DESCRIPTION OF THE TASK: Output exactly the lines of the listing below that run from the line with "Samsung Galaxy A36" through the line with "HONEYWELL 2CLSB1T1". No pictures.

━━ EXTRACTED RECORDS ━━

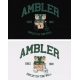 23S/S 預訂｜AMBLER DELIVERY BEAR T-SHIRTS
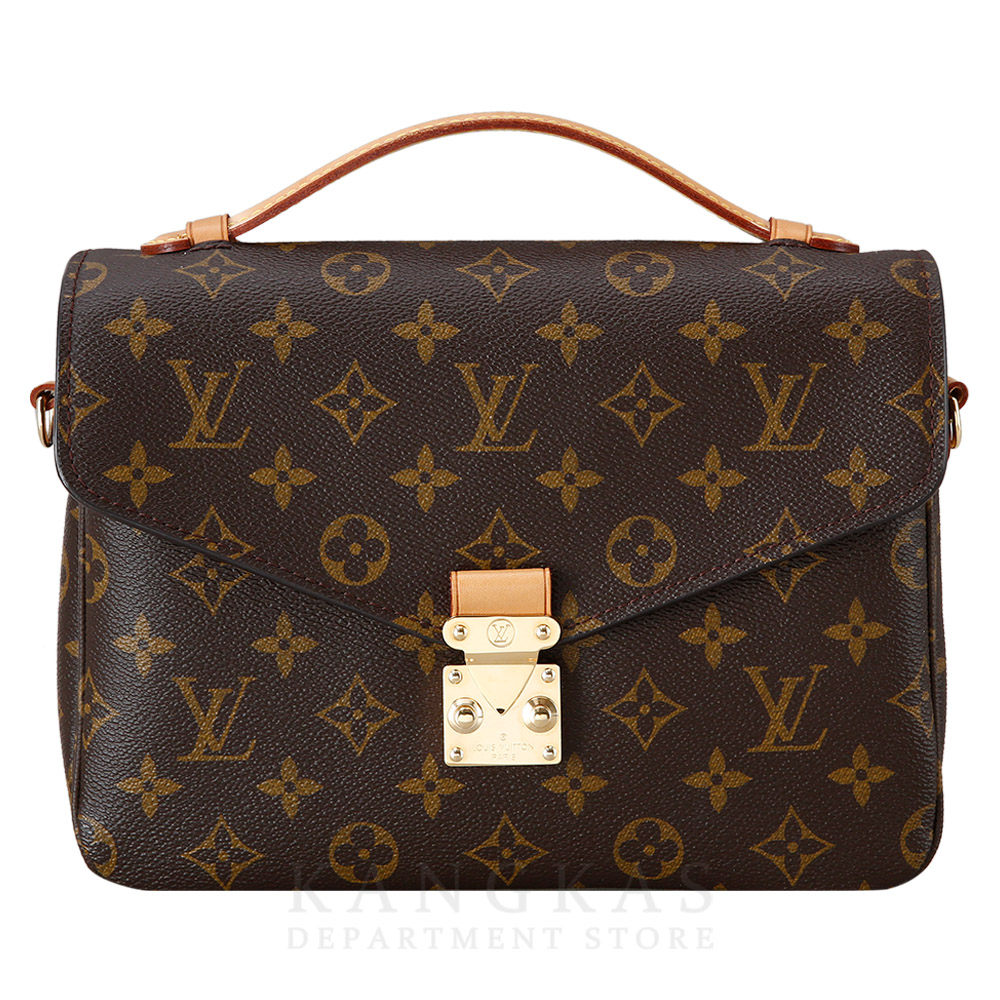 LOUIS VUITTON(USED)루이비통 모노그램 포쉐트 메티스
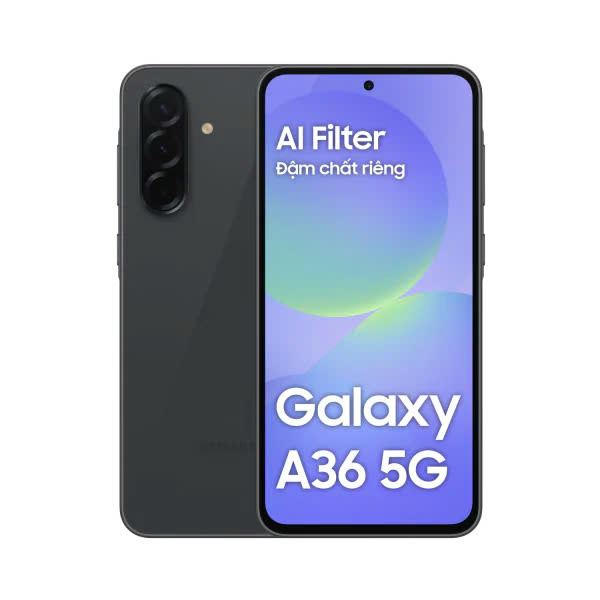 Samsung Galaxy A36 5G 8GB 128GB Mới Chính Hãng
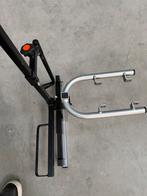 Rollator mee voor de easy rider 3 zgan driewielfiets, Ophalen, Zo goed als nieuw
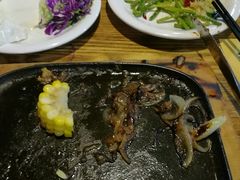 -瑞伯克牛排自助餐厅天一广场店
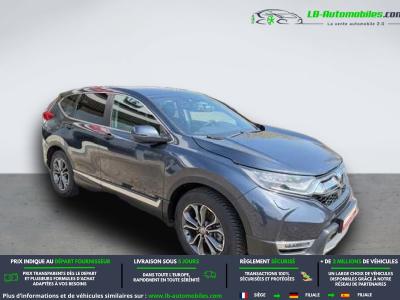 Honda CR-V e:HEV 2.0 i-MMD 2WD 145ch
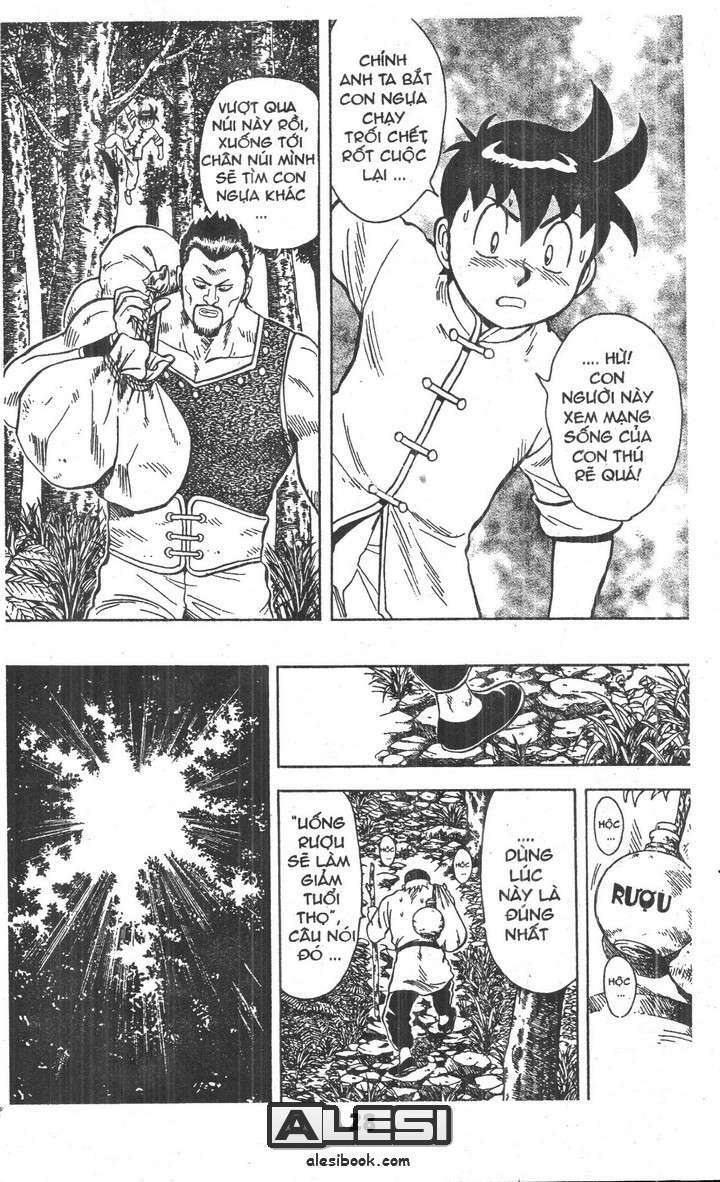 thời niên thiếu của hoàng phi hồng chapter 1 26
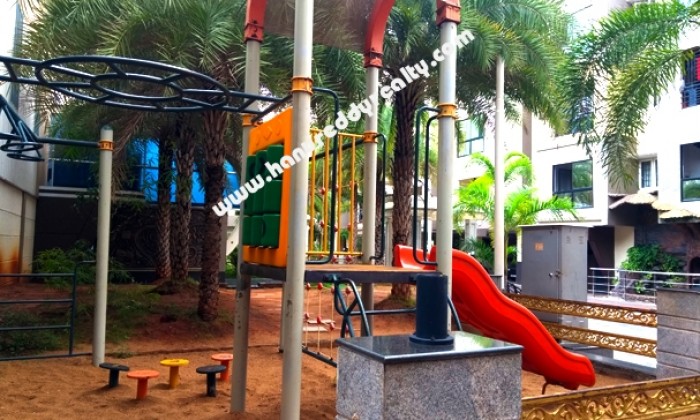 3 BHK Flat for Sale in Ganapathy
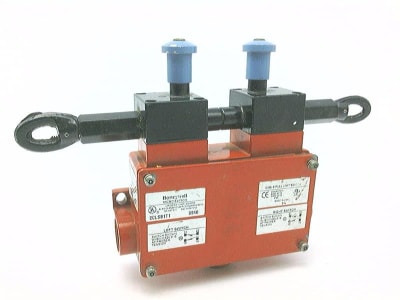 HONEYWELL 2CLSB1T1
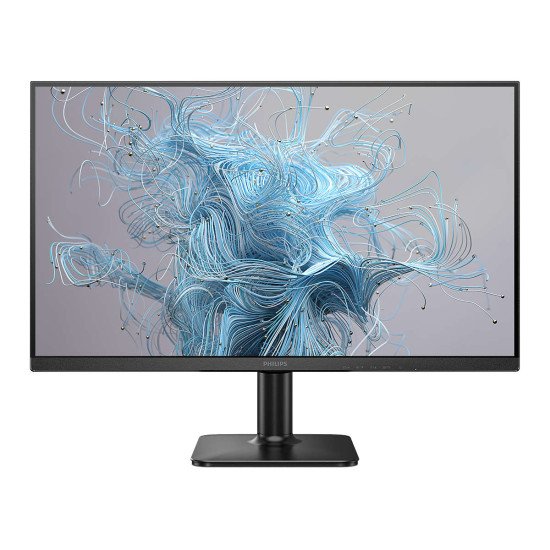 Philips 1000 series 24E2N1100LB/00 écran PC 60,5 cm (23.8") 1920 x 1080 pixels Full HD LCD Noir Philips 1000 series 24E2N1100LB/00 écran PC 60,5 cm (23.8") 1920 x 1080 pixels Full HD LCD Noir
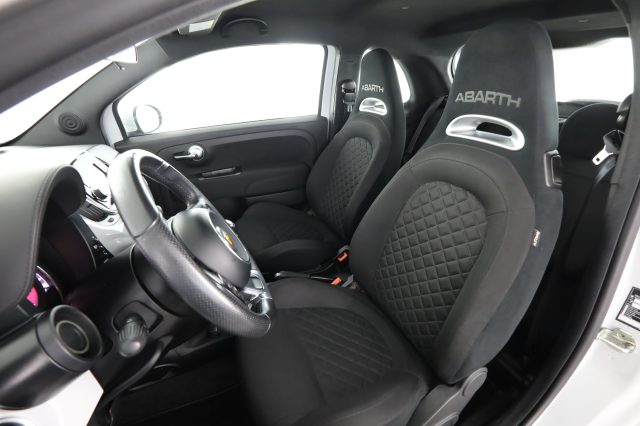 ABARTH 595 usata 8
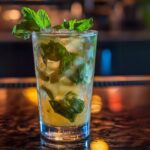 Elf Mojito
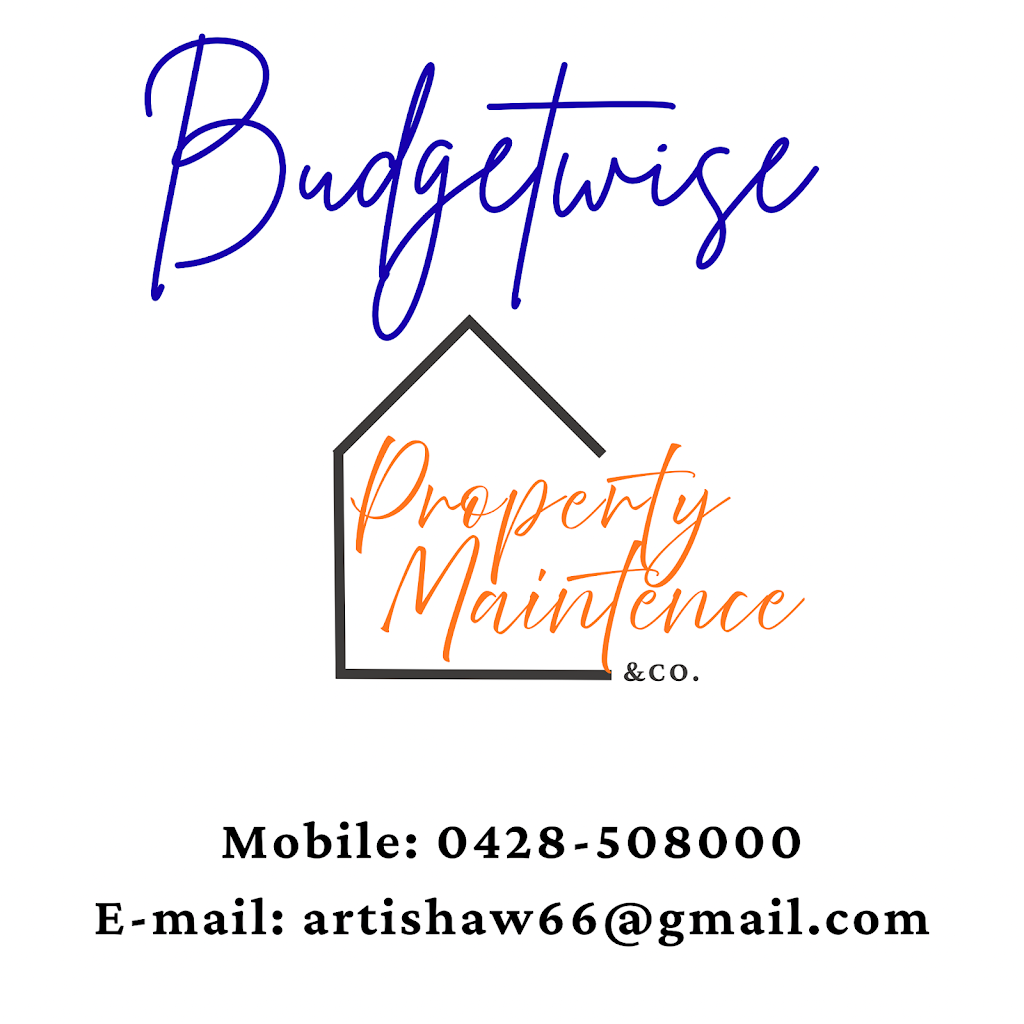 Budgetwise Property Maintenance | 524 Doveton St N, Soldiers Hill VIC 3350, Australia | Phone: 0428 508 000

━━━
━━ EXTRACTED RECORDS ━━

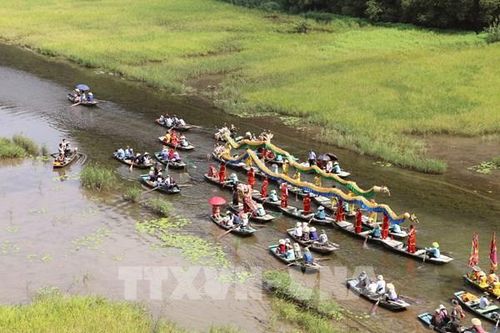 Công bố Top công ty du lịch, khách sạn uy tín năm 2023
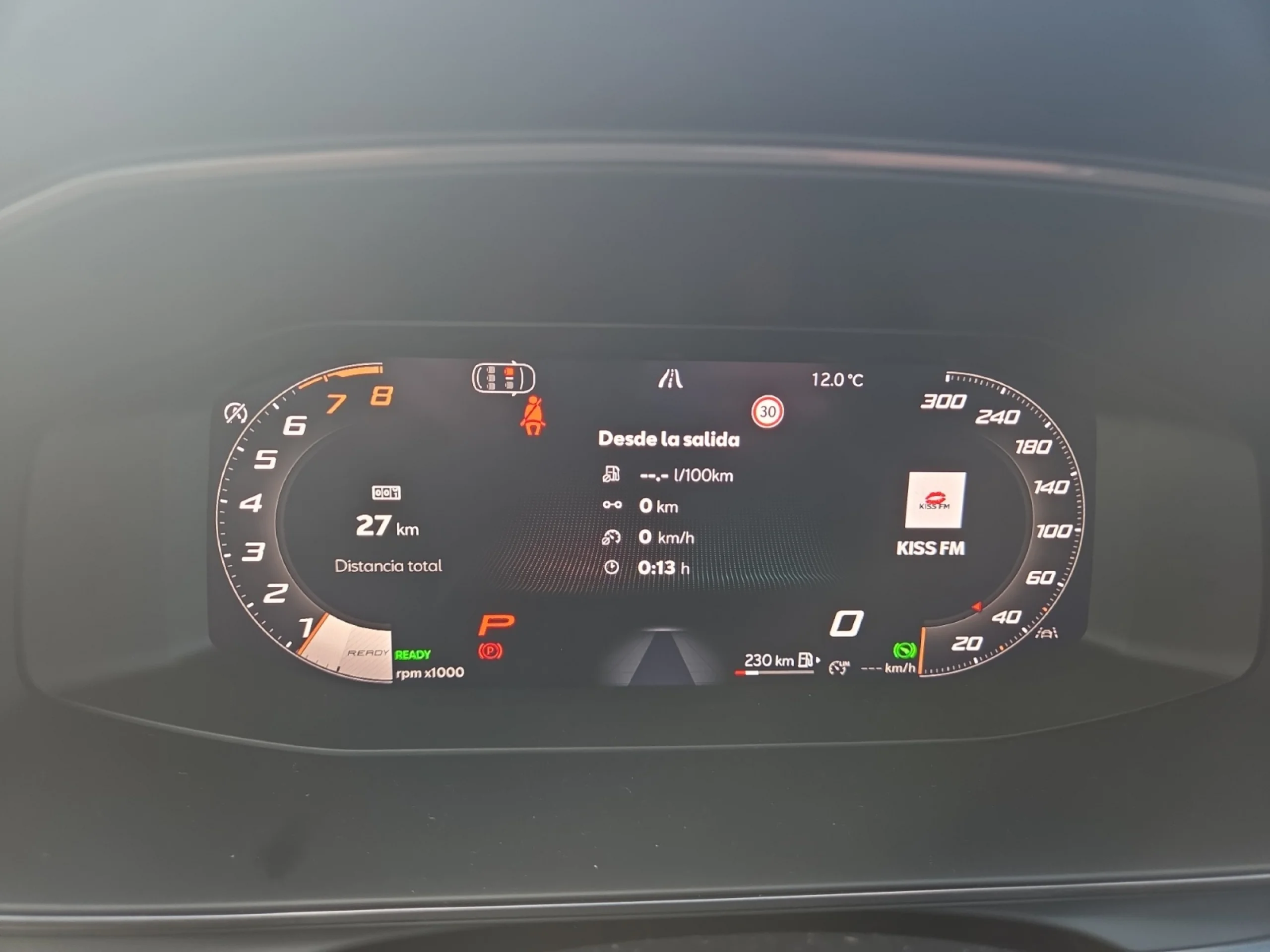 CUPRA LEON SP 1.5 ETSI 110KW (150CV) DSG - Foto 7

━━━

ANSWER BELOW:
 Samsung Galaxy A36 5G 8GB 128GB Mới Chính Hãng
 Rollator mee voor de easy rider 3 zgan driewielfiets, Ophalen, Zo goed als nieuw
 -瑞伯克牛排自助餐厅天一广场店
 Honda CR-V e:HEV 2.0 i-MMD 2WD 145ch
 thời niên thiếu của hoàng phi hồng chapter 1 26
 3 BHK Flat for Sale in Ganapathy
 HONEYWELL 2CLSB1T1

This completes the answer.